The magistrate considered that the appellant had raised three issues in his electronically recorded interview with the police:
(a)whether he had acted lawfully in striking the complainant with the documents in order to effect service;
(b)whether the assault was excused under s 246 of the Criminal Code (provocation);
(c)whether the assault was justified by s 248 of the Criminal Code (self‑defence).
His Honour considered that the proposition that the appellant had acted lawfully in striking the complainant with the documents rested on the decision in Rose v Kempthorne (1910) 103 LT 730. His Honour held that:
(a)The circumstances considered in Rose v Kempthorne were different from those established by the evidence in the trial. In particular, the appellant had already effected service prior to the incident outside the Clive Street Building.
(b)The law had 'moved on' since the decision in Rose v Kempthorne. It was no longer considered necessary to physically touch a person with documents to effect service.
His Honour further held that the assault was not excused by s 246 of the Criminal Code as:
(a)There was no evidence that the appellant had flung the clipped documents at the complainant having lost his power of self‑control and 'before he had time for his passion to cool' [105]; rather, the appellant had told the police that he had thrown the documents at the complainant to ensure that important documents relating to the appeal were not left in the street.

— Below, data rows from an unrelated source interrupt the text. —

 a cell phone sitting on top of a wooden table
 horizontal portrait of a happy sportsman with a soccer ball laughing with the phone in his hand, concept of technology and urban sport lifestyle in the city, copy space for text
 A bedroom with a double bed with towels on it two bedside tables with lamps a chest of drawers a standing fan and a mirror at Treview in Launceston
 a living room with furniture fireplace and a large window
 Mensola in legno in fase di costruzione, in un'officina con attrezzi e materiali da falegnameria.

(b)There was no evidence that the complainant had invited the appellant to go outside the Clive Street Building with the intention of assaulting the appellant or for the purpose of provoking an assault.
As to self‑defence, his Honour held that:
(a)there was no evidence that the complainant had acted in a manner that would cause the appellant to believe that he was about to be assaulted (the appellant having told the police that he was concerned that the complainant might assault him);
(b)there was no evidence of the complainant assaulting or attempting to assault the appellant that would 'enliven this defence ' [103].

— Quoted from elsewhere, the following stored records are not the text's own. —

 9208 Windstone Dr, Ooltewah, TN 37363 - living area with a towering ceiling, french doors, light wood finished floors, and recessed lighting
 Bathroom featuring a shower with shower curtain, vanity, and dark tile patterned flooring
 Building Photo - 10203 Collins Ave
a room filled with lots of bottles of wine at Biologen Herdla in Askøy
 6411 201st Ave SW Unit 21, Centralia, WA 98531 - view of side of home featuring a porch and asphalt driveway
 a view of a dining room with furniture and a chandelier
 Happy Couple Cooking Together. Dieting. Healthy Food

The proposed grounds of appeal
A copy of the proposed grounds of appeal is annexed to the reasons. It is to be noted that the appellant does not dispute the finding that he assaulted the complainant.

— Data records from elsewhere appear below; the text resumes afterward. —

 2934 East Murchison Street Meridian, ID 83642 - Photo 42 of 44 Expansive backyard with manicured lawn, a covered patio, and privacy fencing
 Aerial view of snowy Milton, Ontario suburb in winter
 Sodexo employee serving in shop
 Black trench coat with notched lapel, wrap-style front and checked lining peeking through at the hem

Provocation - proposed ground of appeal 1
Section 246 of the Criminal Code provides that:
A person is not criminally responsible for an assault committed upon a person who gives him provocation for the assault, if he is in fact deprived by the provocation of the power of self‑control, and acts upon it on the sudden and before there is time for his passion to cool; provided that the force used is not disproportionate to the provocation, and is not intended, and is not such as is likely to cause death or grievous bodily harm.
Whether any particular act or insult is such as to be likely to deprive an ordinary person of the power of self‑control and to induce him to assault the person by whom the act or insult is done or offered, and whether, in any particular case, the person provoked was actually deprived by the provocation of the power of self‑control, and whether any force used is or is not disproportionate to the provocation, are questions of fact.
Section 245 provides that:
The term provocation used with reference to an offence of which an assault is an element, means and includes, except as hereinafter stated, any wrongful act or insult of such a nature as to be likely, when done to an ordinary person, or in the presence of an ordinary person to another person who is under his immediate care, or to whom he stands in a conjugal, parental, filial, or fraternal relation, to deprive him of the power of self control, and to induce him to assault the person by whom the act or insult is done or offered.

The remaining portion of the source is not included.